Mr. Ip Iam Chong has, in response to another commentator, written lately on this Forum two Essays, dated Sept. 23 and Oct. 1, available in his own Column; expressing thereby his view, as well of the recent political mobilization in Taiwan, as of the way in which such mobilization has been received and interpreted in Hong Kong; two Essays, the main part of which he then turned into a compact form (being hereby appended at the end) and published in Mingpao today, Oct. 5. My present object is to examine the ideas Mr. Ip conveyed by his Essay, some of which I find praise-worthy, yet others, quite objectionable. In brief, it is praise-worthy, to urge people in Hong Kong to attempt, at the least, to understand Taiwan politics in its proper context, and to judge it not by an alien standard, but by one sensitive to the historical experience of Taiwan; it is yet objectionable, to denounce (forgetful now of the praise-worthy principle just mentioned) the Hong Kong public for refusing to participate in a larger democratic imagination, as if, in Mr. Ip's judgment, it were a sin not to stand at the forefront of a global march to democracy. I write openly against this cult of democracy, a cult sufficiently seductive to plant itself as a new religion in the mind of many commentators, of whom Mr. Ip is patently one.

(a) The Praise

In the first two paragraphs of his Essay, Mr. Ip dismissed the many democratic theories put forth by the political conservatives in Hong Kong, theories which invariably questioned, if not the quality of Taiwanese democracy, then the speed of her democratization. These theories are meant to achieve two objects: 1. to interpret the recent political mobilization in Taiwan, and, by so interpreting, 2. to deflect the course of debate on democracy in Hong Kong. The two objects are intertwined, but the grounds on which they may respectively be criticized, are not identical. The first object, when pursued in the face of one sympathetic to the past of Taiwan, her very bloody past, must implicate the pursuer MORALLY.

So was Mr. Ip right to urge, that a Taiwanese who had endured long political oppression, must find it repugnant that some Hong Kong commentator should disgrace his demands and subsequent actions as too radical. It is, and we must concede, not entirely groundless, that rapid democratization (with frequent political designs on agitating ethnic antagonism) be not the best course of political development Taiwan could have taken; the proposition, that rapid democratization can be harmful, depending on social situations, is illustrated by Latin American experiences. And yet, the present question, as Mr. Ip would concur, is not whether rapid democratization had been the best course for Taiwan, but that persons having been subject to long political oppression must be morally justified to demand such a course.

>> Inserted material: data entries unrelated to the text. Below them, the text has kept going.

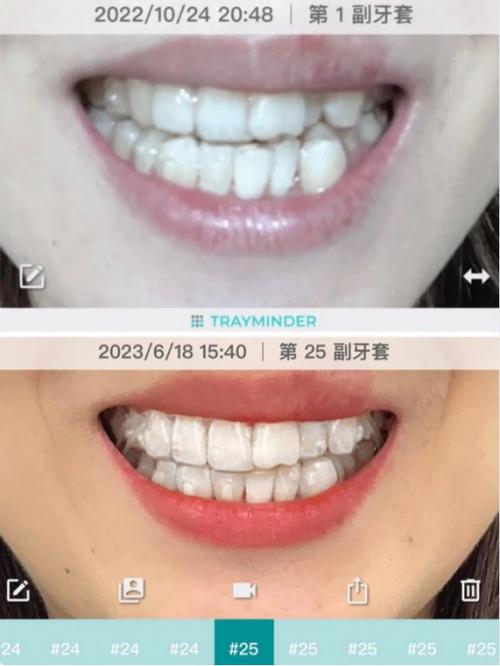 如何正确佩戴时代天使双膜？-图2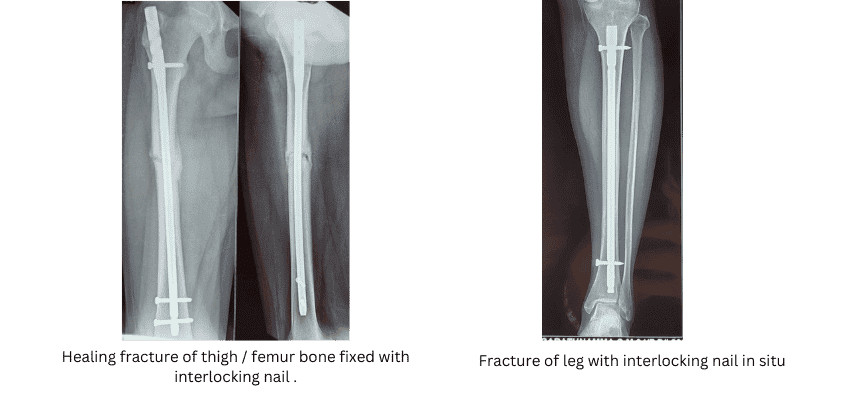 femur bone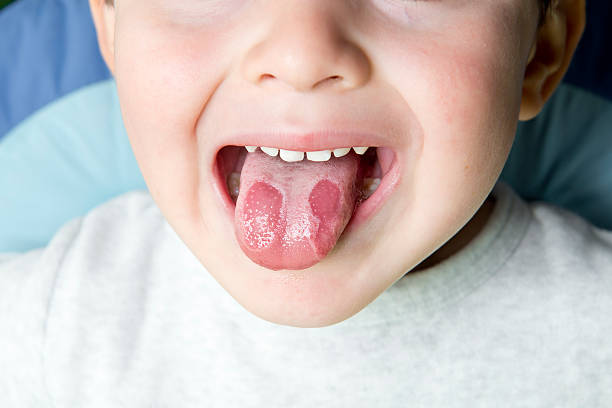 Geographic tongue disease in a child stock photo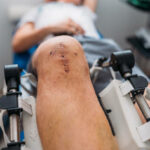 focused shot after a total joint replacement surgery on the knee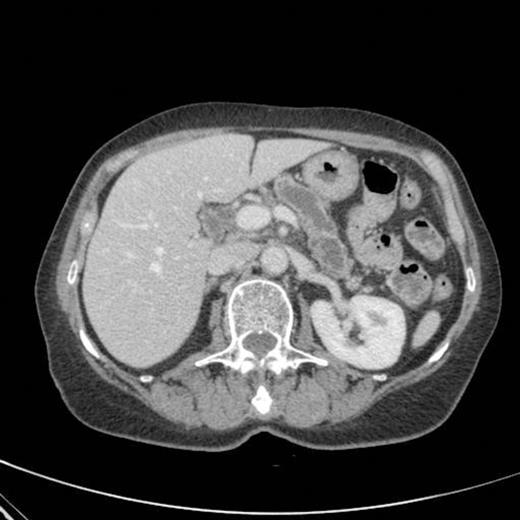 CT scan showing pancreatic duct dilatation to 15 mm with side branch dilatation in uncinate process and atrophic pancreas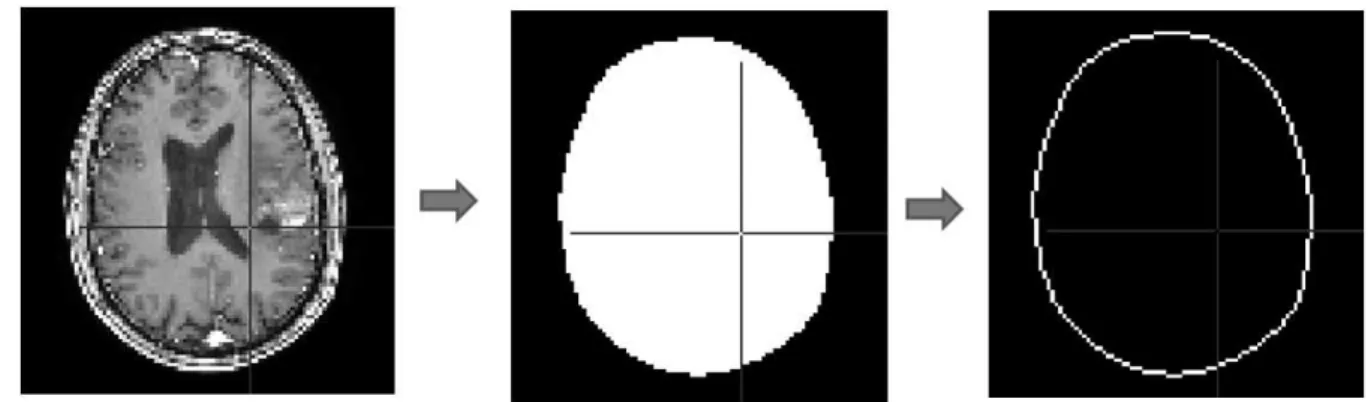 Figure 4.5: Proessus d'extration du ontour du râne sur les images IRM. De gauhe à droite les étapes sont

To judge Taiwanese democratization not to be the best course for her, can stand but as a detached analysis; to judge the participants in that process to be lacking in foresight, or to be too radical, shall amount to demanding that their own experiences should carry absolutely no weight on their political decisions. The original position from which Taiwan embarked on democratization was so very different from that from which Hong Kong did on the same project, that any evaluation of the two, or comparison thereof, could from moral implications never be free, but must be undertaken under full consideration of the differences. That commentators in Hong Kong have, in their pursuit of object 1, ignnored such MORAL implications, causing thereby to those sympathetic to Taiwan not a small disgust, like that expressed by Mr. Ip, is certainly unfortunate; a lesson which commentators in Hong Kong, perhaps as well in Taiwan, should learn.

(b) The Objection

From the third paragraph onwards of his Essay, however, Mr. Ip decided to tread a different terrain, and launched a considerable discourse on democratic imagination. In concreto:

"所謂全球化的年代,民主的想像由一個民族國家,落入更複雜遼闊的地緣關係,自覺民主不足,有少許自省能力的社會總會問﹕什麼是民主﹖願意思考的香港人,只要看看身邊,發現已有幾個自稱民主國家,她們的好與壞,直接影響我們如何論說政治與民主,以至行動﹔「民主」作為強大的理念,固然早已大力擴散,但在這個新時代裏,我們的「民主」參考點,已不再僅是歐美國家,民主地域想像更顯得多元及複雜,當年查良鏞辯說美國不是直選,支持「雙查方案」,今天香港保守派透過詮釋台灣政治,來支持自己的政治議程。"

Mr. Ip expressed a great interest in enlarging the space of the said imagination, because, in his view, democracy as a powerful notion has been powerfully spreading itself all over the globe. That commentators in Hong Kong, nay, the Hong Kong public entire, has been very much unreceptive to this great current, or in his words:

"我不知道香港人能理解多少這些民主運動討論,大概我們只聽得懂游錫的「拼經濟拼建設」的呼籲,香港從來難以展開更廣泛的民主討論,我們的民主論述,只困在政治鳥籠裏亂轉,糾纏在路線圖與時間表,"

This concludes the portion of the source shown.